Need clarification on dictionary separators vs punctuation

In the dictionary header, there is a string that holds so-called “word separators” such as .,"

In Klooster’s doc, we are told the phrase fred,go fishing should be broken into four tokens fred , go fishing. The , becomes a token because it is a defined separator.

In Border Zone’s dictionary header I see the typical .," separator string. However, in its dictionary words I see . , " ? ! How would ? and ! get tokenized into words for dictionary lookup if they aren’t defined as separators?

Is any/every zscii punctuation also supposed to become individual tokens, in addition to whatever separators have been defined? I can’t find information that explains this.

2 Likes

There is a footnote in section 13:

Linards Ticmanis reports that some of Infocom’s interpreters convert question marks to spaces before lexical analysis. This is not Standard behaviour. (Thus, typing What is a grue? into Zork I no longer works: the player must type What is a grue instead.)

Possibly, there are more rules like this which some Infocom interpreters adhered to, but which are not part of the standard.

1 Like

Of course converting question marks into spaces before lexical analysis means they wouldn’t need to appear in the dictionary at all. That seems to be a simple way to make questions parseable without needing a question mark in the dictionary and is probably why infocom made their interpreters do this.

Punctuation not appearing as a separator can still be parsed as a word if surrounded by valid separators. Not very practical, and their presence in the dictionary is probably just an artifact or oversight of development.

@ChristopherDrum Any particular reason you are working off that older document instead of the latest standard?
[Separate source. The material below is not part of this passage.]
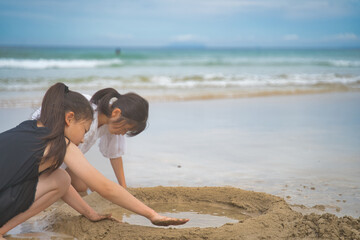 Fototapeta premium 海で遊ぶ子供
@Mike_G I don’t know what you mean. I’m using the annotated standards document from https://zspec.jaredreisinger.com (which covers 1.1) and the Klooster doc has helped a lot (and sometimes confused the issue) when I can’t understand the standards document.

their presence in the dictionary is probably just an artifact or oversight of development. seems most likely to me, given the above discussion.

@fredrik Possibly, there are more rules like this which some Infocom interpreters adhered to, but which are not part of the standard
I’m unclear then what the standard says to do in this matter. If, for example, ? ends a sentence and is not defined as a separator, then it should be included as a char in the last word?
i.e. What is a grue?what is a grue?

The dictionary can contain deliberately un-input-able words, which is sometimes used in Inform 6. I don’t know if Infocom would have done that though.

Yes, it is part of the last word.

1 Like

Yes.

1 Like

Ah, I just noticed you’ve mentioned Klooster in other posts before and wasn’t sure you were aware of newer docs. Yes, there is helpful info in it. :slight_smile:

1 Like

Interestingly, Frotz 2.54 (the version in Debian 12) converts question marks to spaces.